By Gretchen Suárez-Peña
FLORIDA
I’m searching for my identity in the remnants of my family and culture. I never met my maternal grandfather – the only other artist I know of in my family. By incorporating Bomba music and monologuing, I’ll be looking at what is to be female, Puerto Rican and an artist today.
Gretchen Suárez-Peña (she/her) is a Puerto Rican playwright based in Central Florida. She is an MFA candidate in the Dramatic Writing program at Carnegie Mellon University School of Drama (Class of 2024).

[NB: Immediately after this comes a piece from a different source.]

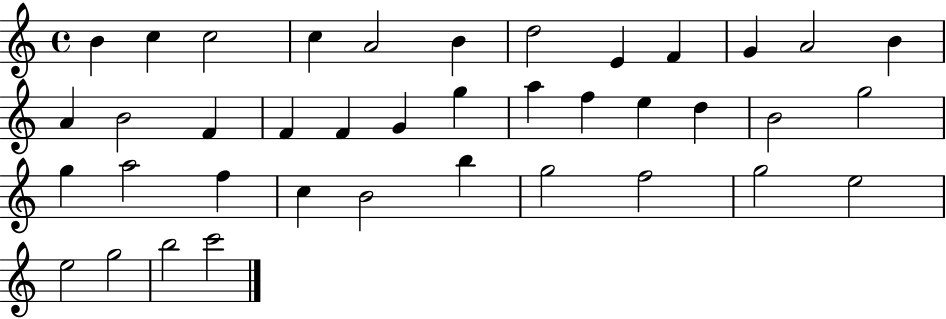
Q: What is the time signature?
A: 4/4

She is part of the Conch Shell Productions (NY) Artists Collective of Writers. She frequently works with New Generation Theatrical (FL), Just Write! Lakeland (FL), the Latinx Playwright Circle (NY), and the Latiné Musical Theatre Lab (NY). She is currently the book writer for The Fairy’s Tale (music and lyrics by Michael Mott).
Her piece Across the Atlantic will open the 2023 BIPOC Play Reading Series at the Straz Center in Tampa, Florida. Her short play, The Arithmetic of Memory, has been produced across the country and was published in the Stonecoast Review where it was nominated for a Pushcart Award in Drama (2021). It was a Gary Garrison Ten-Minute Play Regional Finalist for the Kennedy Center American College Theater Festival (KCACTF) for Region 2. Her one act, Wingman, was also recognized by KCATF as a John Cauble Regional Finalist.
Her musical, Melina: A Steampunk Musical Tragedy was an official selection of the 2020 Atlanta Musical Theatre Festival. Other successes include winning the writer’s grant and best play at the 2019 Be Original Festival for her play, Trafficked. Also, winning best full-length play at the 2018 Tampa Bay Theatre Festival for her show Conversations in the Car, and first prize for her short play, Dry Spell, at the 30 by Ninety Theatre’s 2018 Night of One Acts Competition.
A portion of her work is available to be read on the New Play Exchange and she is a proud member of the Dramatist Guild. gretchensuarezpena.com
By Lisa Dellagiarino Feriend
ILLINOIS
“She Tunes the Violin” follows Martha Jefferson and those closest to her from her first marriage at age 18 to her death at 33, as she struggles to find her way and her power in a society built by and for white men.
Virginia-born and Chicago-based, Lisa Dellagiarino Feriend is an award-winning playwright, a member of the Dramatists Guild, and President of the Board of Arts For All, a NYC-based nonprofit bringing accessible artistic opportunities to children who face barriers to exploring the arts. She has a BFA in Film & TV from NYU and two kids who are disappointed that she doesn’t write plays about dinosaurs.